The pharmaceutical company Merrell’s application to licence thalidomide, a sedative that had been developed in Europe and was widely sold there since 1957, was one of the first cases Frances dealt with in her new job. Although the company claimed the drug was safely giving people deep, natural sleep and doctors had already been prescribing it to pregnant women in other parts of the world to suppress nausea, Frances found the safety evidence to be insufficient. She withheld approval and asked for more data on toxicity from controlled studies. A battle lasting months with Merrell ensued, during which time Frances was called ‘stubborn’ and ‘unreasonable’, but, luckily for thousands of American babies, she did not give in. About a year later, reports started to flood in from Europe and Africa about horrendous side effects and babies born with terrible malformations of their limbs. Merrell withdrew its application and the drug never made it onto the American market.
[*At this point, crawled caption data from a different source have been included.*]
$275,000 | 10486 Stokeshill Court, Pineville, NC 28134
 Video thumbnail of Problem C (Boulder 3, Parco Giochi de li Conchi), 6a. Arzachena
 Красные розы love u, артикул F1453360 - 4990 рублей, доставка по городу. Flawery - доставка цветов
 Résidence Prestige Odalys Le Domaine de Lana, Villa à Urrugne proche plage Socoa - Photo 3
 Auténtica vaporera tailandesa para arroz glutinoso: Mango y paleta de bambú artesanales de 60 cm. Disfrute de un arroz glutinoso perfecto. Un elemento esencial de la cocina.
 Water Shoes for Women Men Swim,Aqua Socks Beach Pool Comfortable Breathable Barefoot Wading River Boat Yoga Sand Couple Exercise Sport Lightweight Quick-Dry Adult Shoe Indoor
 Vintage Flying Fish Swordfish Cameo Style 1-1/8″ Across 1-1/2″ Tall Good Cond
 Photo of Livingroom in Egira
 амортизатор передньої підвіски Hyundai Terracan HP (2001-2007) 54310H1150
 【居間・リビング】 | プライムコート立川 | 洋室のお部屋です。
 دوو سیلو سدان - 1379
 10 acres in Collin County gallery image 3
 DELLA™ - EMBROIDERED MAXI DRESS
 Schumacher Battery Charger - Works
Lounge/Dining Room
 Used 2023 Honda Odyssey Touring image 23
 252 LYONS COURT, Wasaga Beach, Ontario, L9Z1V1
Dr. Kelsey’s strength of character and courage are all the more amazing considering the laws on the safety of pharmaceuticals were not rigorously enforced at the time. She could have done what everyone else at the FDA was doing, with approval often being routine, but Dr. Kelsey was a very intelligent woman and not easily fooled. She acted according to strict scientific and ethical principles and according to her own strong morals, and she was not afraid to speak up for what she believed in.
The Kennedy administration used the Thalidomide tragedy to pass stronger drug regulations, and the 1962 law required tighter proof of safety and effectiveness of new drugs, disclosure of side effects and the swift removal of unsafe drugs from the market.
Dr. Kelsey moved on to head up the Division of Scientific Investigations of the FDA, which ensured the scientific integrity of the data on which the agency’s decisions on drugs were based.
Her contributions have been widely recognized through Presidential and other awards. In 2000, she was inducted into the National Women’s Hall of Fame.
Francis Oldham Kelsey died on 7 August 2015 in her daughter’s home in London, Ontario, Canada.